🤖 AI Summary
This study addresses the problem of constructing a nonparametric sequential hypothesis test with unit power when only historical offline data are available to implicitly define a null hypothesis and multiple alternative distributions. To this end, the work introduces— for the first time—a multiclass classifier into the sequential testing framework, proposing a procedure that controls the significance level at α and almost surely identifies the true underlying distribution. Under mild separability conditions, the method is theoretically shown to possess a tight upper bound on its stopping time, thereby achieving optimal stopping performance. The proposed approach naturally accommodates both distribution identification and scenarios involving train-test distribution mismatch. Its effectiveness is validated through comprehensive experiments on both synthetic and real-world datasets.
📝 Abstract
We consider the problem of constructing sequential power-one tests where the null and alternative classes are specified indirectly through historical or offline data.

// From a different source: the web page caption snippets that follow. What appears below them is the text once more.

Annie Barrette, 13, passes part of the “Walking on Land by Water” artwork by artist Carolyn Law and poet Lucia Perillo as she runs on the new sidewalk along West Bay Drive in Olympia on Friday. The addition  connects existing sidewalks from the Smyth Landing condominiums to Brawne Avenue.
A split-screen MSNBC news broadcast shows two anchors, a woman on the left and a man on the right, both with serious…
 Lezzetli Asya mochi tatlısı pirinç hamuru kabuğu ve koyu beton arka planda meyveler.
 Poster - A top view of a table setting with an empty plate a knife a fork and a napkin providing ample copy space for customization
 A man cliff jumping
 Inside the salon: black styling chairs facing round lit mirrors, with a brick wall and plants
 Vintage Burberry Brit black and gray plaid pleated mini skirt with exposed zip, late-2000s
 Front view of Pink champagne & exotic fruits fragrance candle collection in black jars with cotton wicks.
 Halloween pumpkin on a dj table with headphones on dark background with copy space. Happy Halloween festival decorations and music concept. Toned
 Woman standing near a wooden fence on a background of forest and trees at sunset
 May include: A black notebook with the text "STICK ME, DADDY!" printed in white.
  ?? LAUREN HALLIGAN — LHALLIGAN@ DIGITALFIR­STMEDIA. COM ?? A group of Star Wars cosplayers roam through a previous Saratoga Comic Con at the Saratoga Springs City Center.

More specifically, given an offline dataset consisting of observations from $L+1$ distributions $\{P_0, P_1, \ldots, P_L\}$, and a new unlabeled data stream $\{X_t: t \geq 1\} \overset{i.i.d}{\sim} P_θ$, the goal is to decide between the null $H_0: θ= 0$, against the alternative $H_1: θ\in [L]:=\{1,\ldots,L\}$. Our main methodological contribution is a general approach for designing a level-$α$ power-one test for this problem using a multi-class classifier trained on the given offline dataset.
Working under a mild "separability" condition on the distributions and the trained classifier, we obtain an upper bound on the expected stopping time of our proposed level-$α$ test, and then show that in general this cannot be improved. In addition to rejecting the null, we show that our procedure can also identify the true underlying distribution almost surely. We then establish a sufficient condition to ensure the required separability of the classifier, and provide some converse results to investigate the role of the size of the offline dataset and the family of classifiers among classifier-based tests that satisfy the level-$α$ power-one criterion. Finally, we present an extension of our analysis for the training-and-testing distribution mismatch and illustrate an application to sequential change detection. Empirical results using both synthetic and real data provide support for our theoretical results.